Книги Якова - Ольга Токарчук
Шрифт:
Интервал:
Закладка:
Его фигура была довольно жалкой, скрюченной, лицо уродливым, грубым. Нос кривой, вероятно, вследствие какого-то удара. Волосы растрепанные, тусклые, зубы черные.
Написав «зубы черные», он пересекает невидимую и незаметную границу, но, забывшись, совершенно не осознает этого.
Он вообще был похож не на человека, а на какого-то демона или зверя. Двигался стремительно, в жестах отсутствовала плавность.
Пинкас снова окунает перо в чернила и задумывается; что за привычка думать, держа на весу перо, наверняка получится клякса – но нет, перо набрасывается на бумагу и ожесточенно царапает:
Он якобы владел многими языками, но на самом деле ни на одном из них не умел подобающим образом выразиться или написать что-либо разумное. Поэтому, когда он говорил вслух, звуки резали ухо, голос был визглив и пискляв, и лишь те, кто хорошо его знал, могли понять, что он имеет в виду.
Кроме того, он не получил никакого приличного образования, знал только то, что случайно слыхал, поэтому в знаниях его было полно дыр. Он больше разбирался в сказках, которые рассказывают детям, а его последователи все как один в эти сказки верили.
И Пинкасу уже кажется, что он видел не человека, а трехглавую бестию.
Крещение
17 сентября 1759 года, после торжественной мессы, Яков Франк крестится и принимает имя Иосиф. Таинство крещения совершает митрополит Львовский Самуэль Гловинский из Гловно. Его крестные – Франтишек Ржевуский, которому едва исполнилось тридцать, элегантный, одетый на французский манер, и Мария Анна Брюль. Яков Франк склоняет голову, и святая вода увлажняет его волосы, стекает по лицу.

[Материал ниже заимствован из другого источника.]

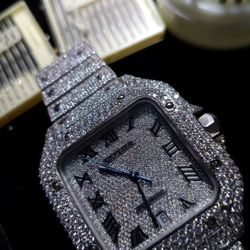 De Santos Cartier, Swiss Watch, 32ct Handset Pave Setting 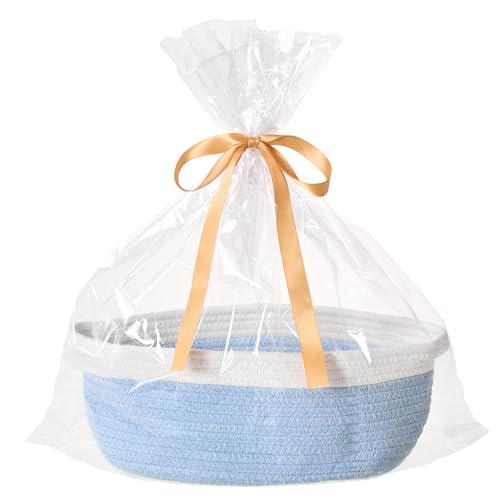 Small Woven Gift Basket Empty with Bag & Ribbon, Storage Basket for Father's Day for Dad, Baby Shower, Raffle, Birthday, Cute Organizer with Handles, 12"x8"x5", Blue&White - color: Blue&White, size: 1 Pack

Сразу после Франка наступает черед Крысы, одетого на шляхетский, польский манер, и в этом новом наряде его асимметричное лицо даже приобретает своеобразное благородство. Он – Бартоломей Валентий Крысинский, его крестные – униатский епископ Шептицкий[164] и жена воеводы черниговского[165] Миончинская.
Ris 521. Trojglowy Frank
За Крысой стоит целая группа евреев, от которой то и дело кто-нибудь отделяется и подходит к алтарю. Сменяют друг друга крестные в праздничных, богатых одеждах. Играет орган, отчего высокий, красивый свод собора кажется еще выше – где-то там, сразу за крутыми арками, находятся небеса, на которые, вне всяких сомнений, попадут все, кто сейчас крестится. Терпкий запах высоких желтых цветов, которыми украшен алтарь, смешиваясь с запахом ладана, обретает изысканность, словно в соборе распылили лучшие восточные благовония.
Теперь идут стройные юноши, с волосами, подстриженными как у пажей, – это племянники Якова Франка – Павел, Ян и Антоний, а четвертый, нервно мнущий в руках шапку, – сын Хаима из Езежан, теперь Езежанского, Игнаций. На мгновение воцаряется тишина, потому что орган умолкает и уставший органист переворачивает ноты, готовясь сыграть следующий гимн. На мгновение становится слышен шелест страниц – так тихо в соборе. Потом снова гремит музыка, торжественная, патетическая, и вот к алтарю идет Франтишек Воловский, еще недавно Шломо Шор, сын Элиши, с сыном, семилетним Войцехом. За ним его отец, старший из людей Франка, шестидесятилетний Элиша Шор, величественный старец, которого поддерживают под руки две невестки, Розалия и Роза; он так и не оправился после того, как его избили. Следом за ними – жена Хаима Турка, теперь Каплинского, Барбара, красавица-валашка, вполне осознающая свою красоту и разрешающая зевакам любоваться собой. Ясно, что эти люди, склоняющие головы перед тем, как прикоснуться к мокрым пальцам митрополита – большая семья, разросшаяся словно дерево.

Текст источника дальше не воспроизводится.